Paul Tagliamonte <paultag@debian.org> wrote:
>On Wed, Sep 18, 2013 at 10:57:30PM +0200, Tshepang Lekhonkhobe wrote:
>> On Wed, Sep 18, 2013 at 3:36 PM, Paul Tagliamonte
><paultag@debian.org> wrote:
>> >   4) Python modules from dpkg are borderline useless for
>developers. We
>> >      package modules so that apps can use them, not so that people
>can
>> >      develop with them.
>> 
>> Are they 'borderline useless' because they are normally much older
>> than upstream? I think most development work has no need for
>> latest-and-greatest.
>
>Well, sorta. The problem here is different major versions have
>different
>APIs. If I have to maintain my eons old Django 1.2 app on the same
>machine as a 1.4 app, I don't want to keep uninstalling and
>reinstalling
>packages. It's silly.

Sure. It'd be nice if upstreams cared more about API stability.  In my experience it's not generally very difficult if developers pay attention to it.

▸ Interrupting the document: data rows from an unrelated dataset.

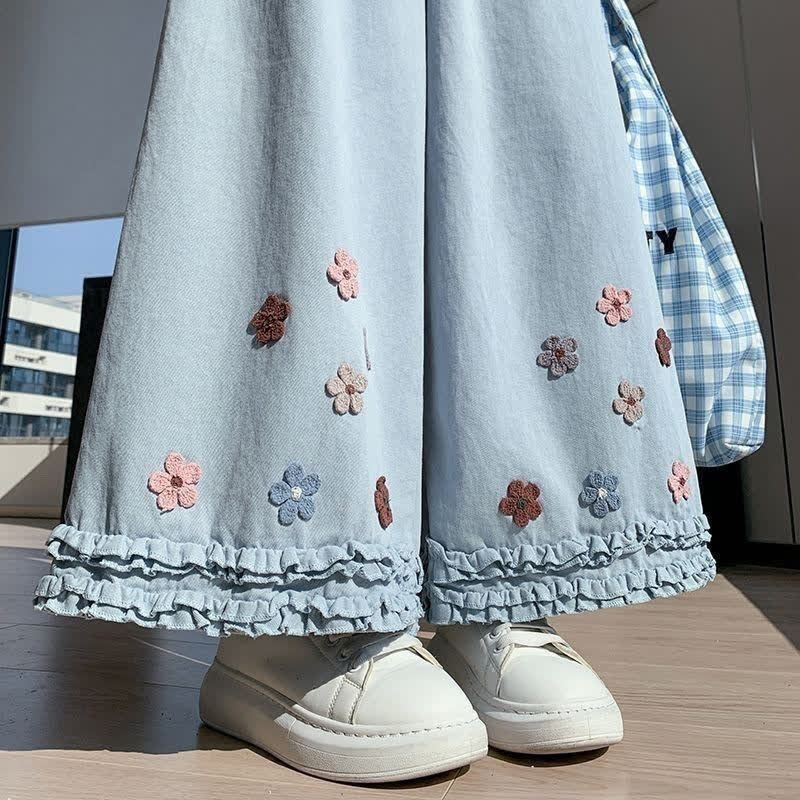 Casual High Waist Loose Floral Decor Straight Pants  - image 1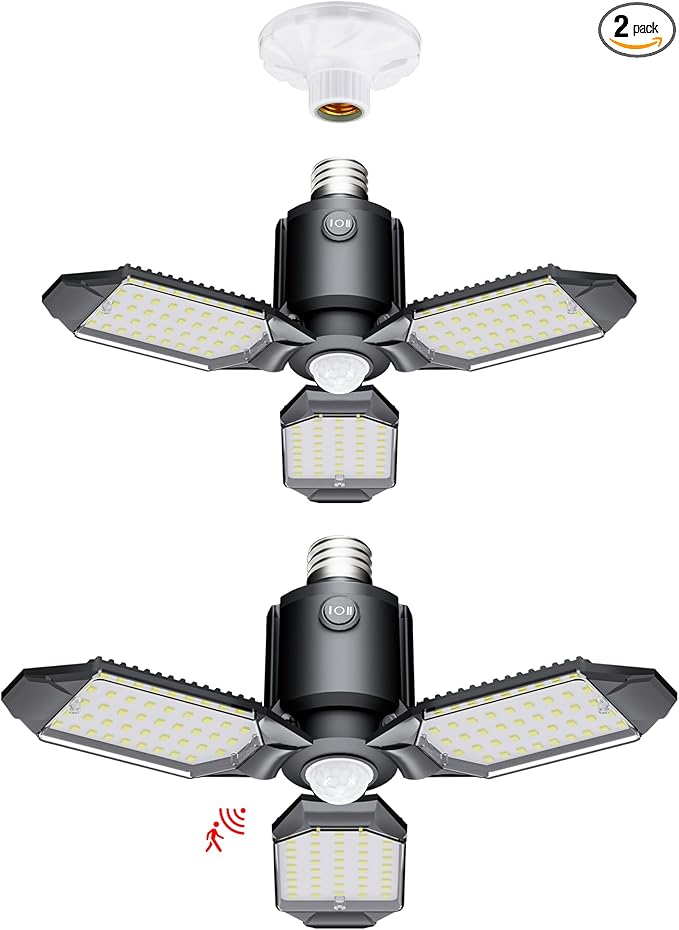 Motion Sensor Garage Light, 80W Garage Lights Ceiling Led Motion Activated,Dusk to Dawn Sensor Lights,Ultra Bright LED Shop Light Bulb,Screw in Shop Lights for Barn,Basement(2Pack)
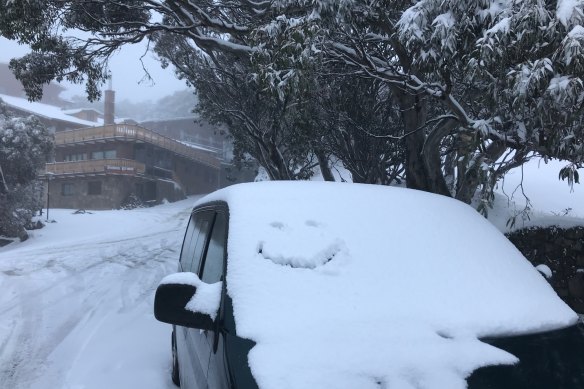 Snow started falling on Monday morning in Mount Buller.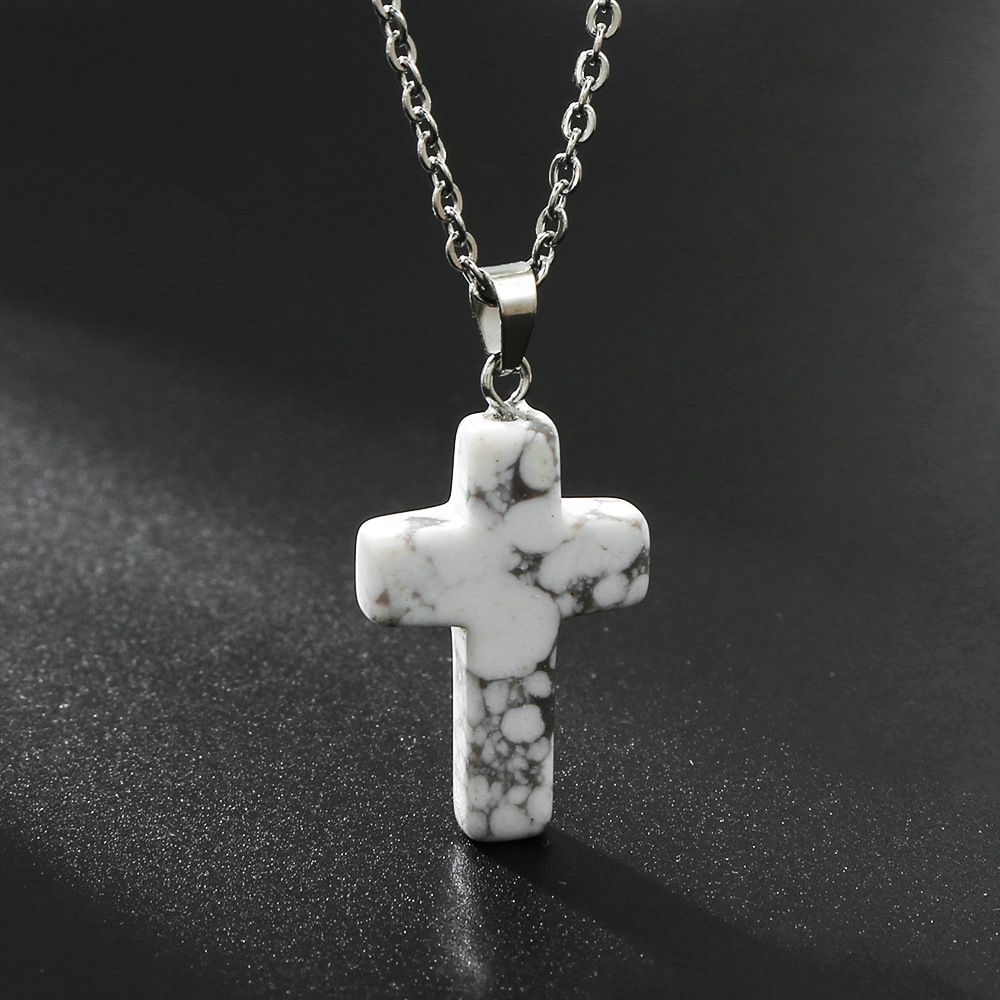 Cross-Border Hot Selling Natural Stone Pendant Cross Necklace Obsidian Malachite White Turquoise European and American Popular Jewelry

>I wish we shipped wheel files so we can trust the pip installs, but
>meh.
>It seems like this, also, isn't something folks here care about for
>some
>reason.
>
>What's more, it's helpful to have a development env that can match the
>env that I test stuff in tox with.

It shows my background, but when I need older versions of things I fire up a chroot and work in that.  I often do that even for the same distro release I'm running to keep things separated. It's quite possible to deal with multiple versions using Debian tools.